Honey Glazed Grilled Quail with Habanero, Liquor Soaked Plums and Apricots, Candied Walnuts, and Organic Greens
Source: Gloria Ciccarone-Nehls, Huntington Hotel.
4 semi-boneless quail
1 recipe white balsamic vinaigrette
1 recipe honey-habanero glaze for quail
1 recipe Armagnac infused dried fruit
½ cup caramelized walnuts (optional)
4 cups mixed organic field greens
White balsamic vinaigrette (Yields about 1 ½ cups)
2 tablespoons minced shallots
½ cup white balsamic vinegar
½ teaspoon lemon zest
½ cup orange olive oil
½ teaspoon orange zest
½ cup walnut or hazelnut oil
½ teaspoon salt
Honey-habanero glaze (Yields 2 cups)
2 cups white balsamic vinegar
1 teaspoon garlic, chopped
6 ounces honey
1 teaspoons fresh gingerroot, grated
½ teaspoon salt
1 cup Chardonnay
1 teaspoon lemon juice
1 teaspoon fresh habanero pepper minced, seeds and veins removed
Pinch of white pepper
1 tablespoon cornstarch, dissolved in 1 tablespoon chardonnay
Armagnac dried infused fruit
1 cup combination of dried fruits–plums, white figs, apricots, or nectarine
¼ cup Grand Marnier
¼ cup orange juice
1 ounce Armagnac or regular brandy
- Marinate quails for at least one hour in ¼ cup of the glaze.
- Make the infused fruit recipe and set them aside until ready for assembly.
- Make the vinaigrette.
- Clean the salad greens.
- Remove quails from marinade and pat dry. Season them with Kosher salt and black pepper. Rub them with olive oil and grill on both sides until light golden. Brush with more glaze and finish in the oven for about 4-5 minutes, until they are done at the leg joints. Set aside until ready for assembly.
For the white balsamic vinaigrette
Whisk all ingredients together until well incorporated.
For the honey-habenero glaze
Bring all ingredients everything except cornstarch to a boil and reduce by half.
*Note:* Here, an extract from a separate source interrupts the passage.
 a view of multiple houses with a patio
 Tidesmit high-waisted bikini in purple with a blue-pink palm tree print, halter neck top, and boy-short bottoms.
Thicken with cornstarch slurry and strain.
For the Armagnac dried fruit
- In a bowl, cover fruits with liquid and put over a double boiler for 10-15 minutes or so.
- Using a sauté pan, sauté the fruit over medium heat in the Armagnac and Grand Marnier. Let the fruit ignite to a flame to burn off the alcohol. Cook until slightly caramelized and the liquid is evaporated. Let cool and store room temp.
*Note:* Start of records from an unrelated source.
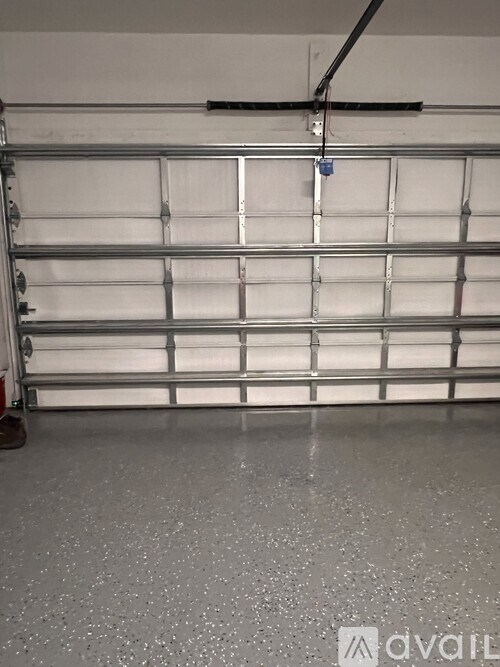 A metal shelf with a blue tag hanging from it.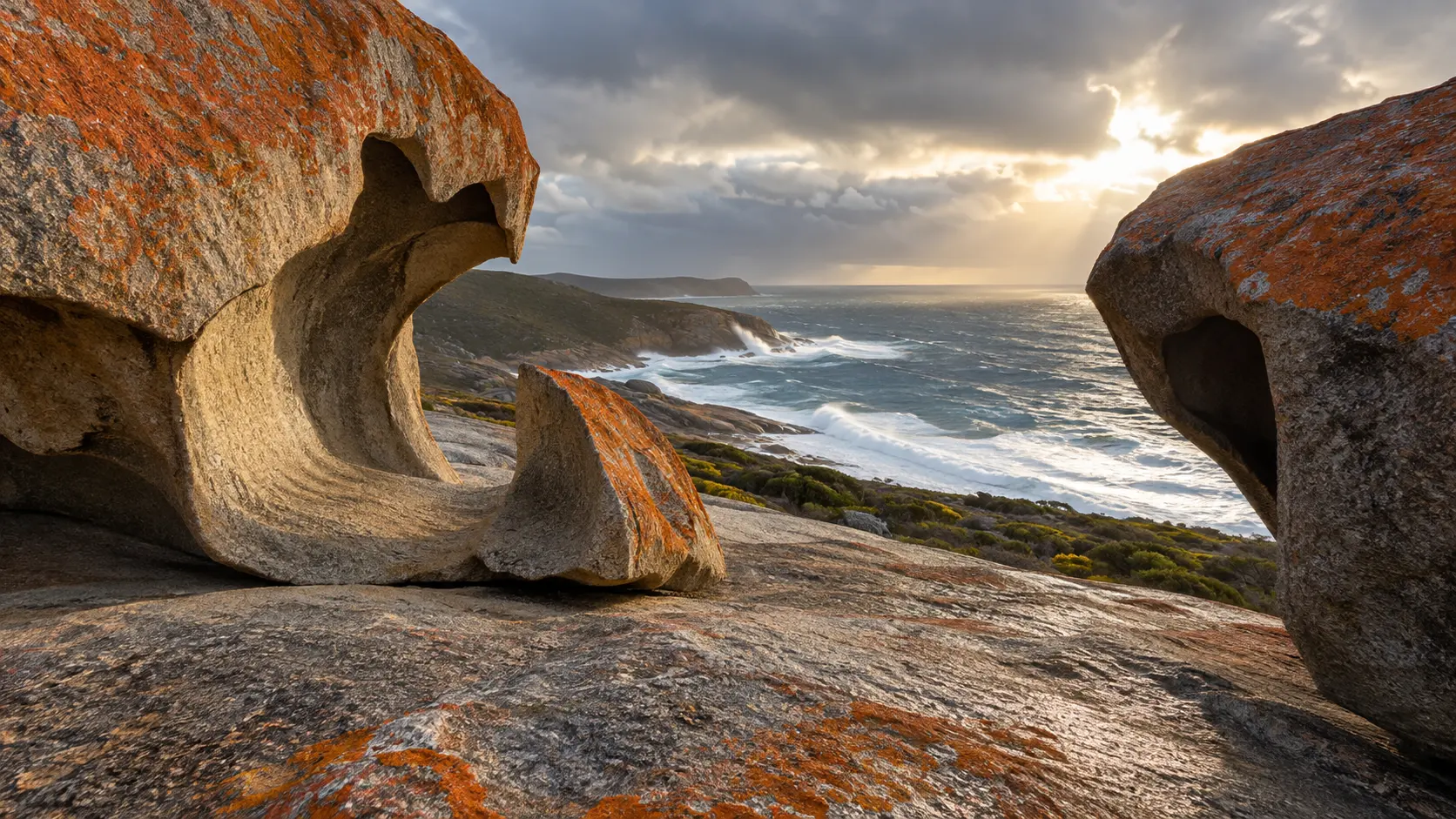 Orange-lichen-covered Remarkable Rocks frame the wild Southern Ocean on Kangaroo Island.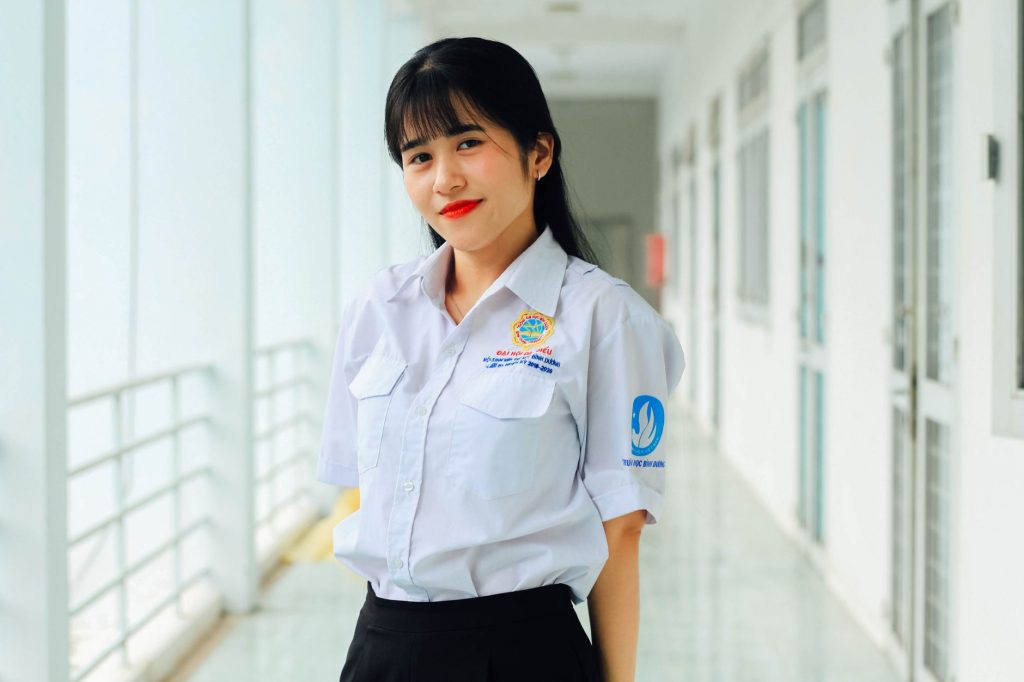Asian woman in a white button-up shirt smiling in an indoor hallway setting. — Penay Kantotan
Lay out four plates. Lightly dress the field greens with white balsamic vinaigrette and arrange an attractive pile in the center of each plate. Place a warm gilled quail on top of each pile of greens. Drizzle some glaze on top or each quail. Arrange Armagnac fruits and walnuts around the quail. Enjoy with a crisp, dry Riesling or Pinot Gris.